The purpose of the paper is to discuss whether or not an acquisition changes the network identity of an acquired firm and, if so, how. This study aims to bring new insights to the corporate marketing field, as it examines corporate identity in the context of how a company is perceived because of its relationships with other firms. The focus of this research is acquired innovative firms.
This paper adopts a multiple case study approach. Data on four acquisitions of innovative firms were collected using 41 interviews, which were supplemented with secondary data.
Based on the case studies, it can be concluded that the network identity of the acquired firms does change following an acquisition. The acquired firms inherited the acquirers' identity, regardless of whether or not the companies were integrated. Previous, present and potential business partners regarded the innovative firms as being more solvent, but distanced themselves. In addition, some of them regarded the innovative firms as competitors.

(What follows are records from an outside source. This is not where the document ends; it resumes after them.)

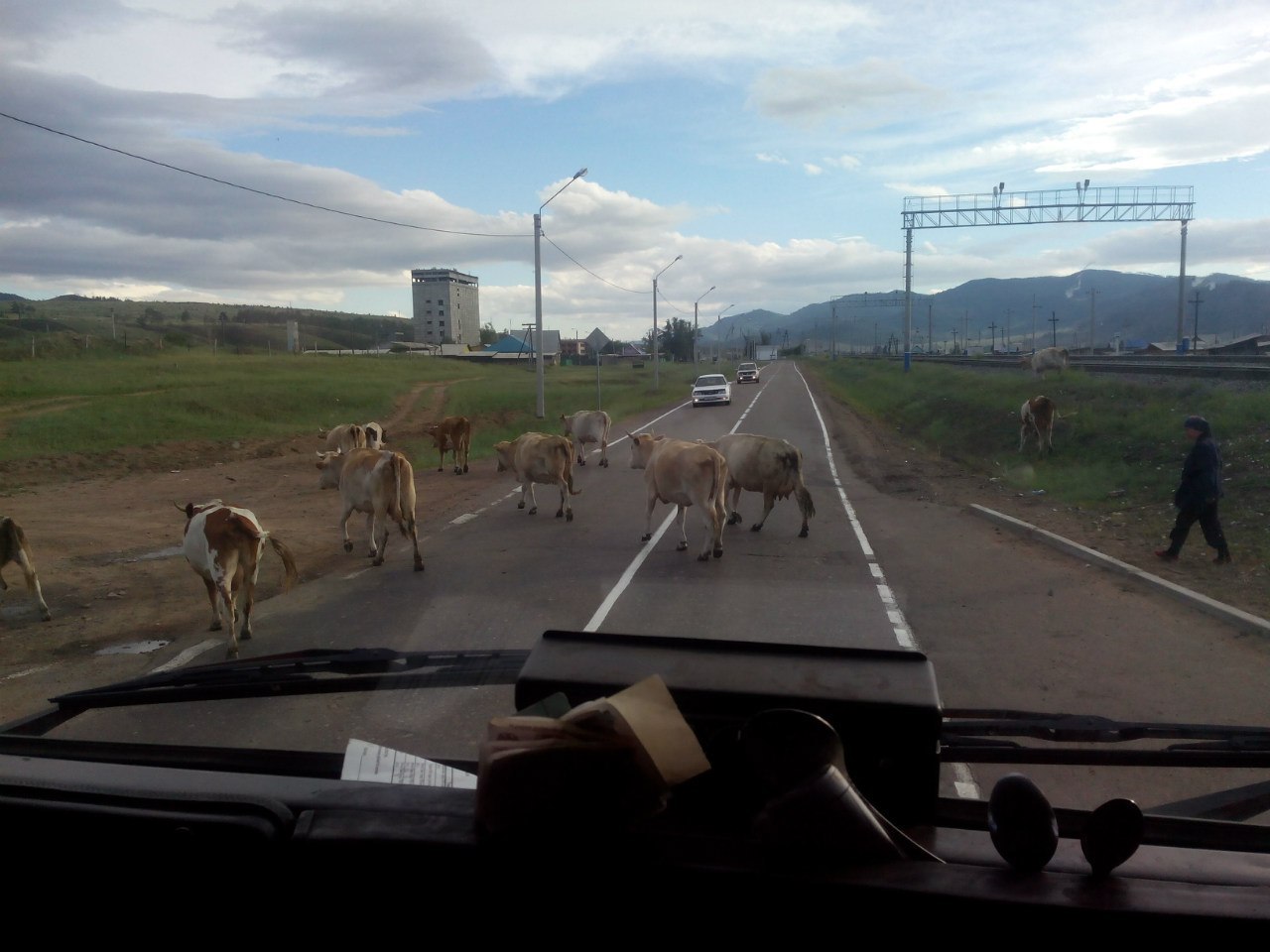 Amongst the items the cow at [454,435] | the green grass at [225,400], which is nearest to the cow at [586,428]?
the cow at [454,435]

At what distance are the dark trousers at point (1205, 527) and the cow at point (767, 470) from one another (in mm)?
4593

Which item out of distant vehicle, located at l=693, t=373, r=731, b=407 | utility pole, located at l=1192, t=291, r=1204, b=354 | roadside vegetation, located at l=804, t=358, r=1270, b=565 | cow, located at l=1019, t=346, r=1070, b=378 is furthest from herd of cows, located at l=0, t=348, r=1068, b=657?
utility pole, located at l=1192, t=291, r=1204, b=354

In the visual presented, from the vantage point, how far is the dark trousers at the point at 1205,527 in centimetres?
1201

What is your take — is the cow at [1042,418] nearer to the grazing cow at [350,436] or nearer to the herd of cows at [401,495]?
the herd of cows at [401,495]

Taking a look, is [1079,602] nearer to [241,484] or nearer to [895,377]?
[241,484]

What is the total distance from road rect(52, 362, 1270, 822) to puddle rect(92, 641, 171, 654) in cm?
93

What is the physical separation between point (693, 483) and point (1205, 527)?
20.2 feet

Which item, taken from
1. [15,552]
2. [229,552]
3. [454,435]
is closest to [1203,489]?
[229,552]

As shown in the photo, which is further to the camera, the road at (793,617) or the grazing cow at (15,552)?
the grazing cow at (15,552)

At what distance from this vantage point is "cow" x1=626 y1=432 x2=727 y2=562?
1258cm

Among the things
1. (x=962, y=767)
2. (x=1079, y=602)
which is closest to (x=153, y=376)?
(x=1079, y=602)

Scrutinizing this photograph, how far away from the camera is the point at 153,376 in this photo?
4253 cm

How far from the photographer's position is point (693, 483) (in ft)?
42.8

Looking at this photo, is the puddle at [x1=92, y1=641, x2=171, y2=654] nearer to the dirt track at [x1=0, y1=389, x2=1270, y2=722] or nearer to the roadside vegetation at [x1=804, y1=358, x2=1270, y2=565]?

Changes in the way a firm is perceived by its business partners, following an acquisition, will influence the future business operations of the firm. Expected changes to business relationships should ideally be considered part of due diligence. Acquirers need to consider how they can minimise the risks associated with business partners' changed perceptions of acquired firms.
This paper contributes to the research on identity, through discussion of the consequences of an acquisition for the identity and relationships of a firm. It also contributes to the existing corporate marketing literature, through consideration of perceptions at a network level. Furthermore, this paper contributes to merger and acquisition literature, by highlighting the influence of ownership on relationships with external parties.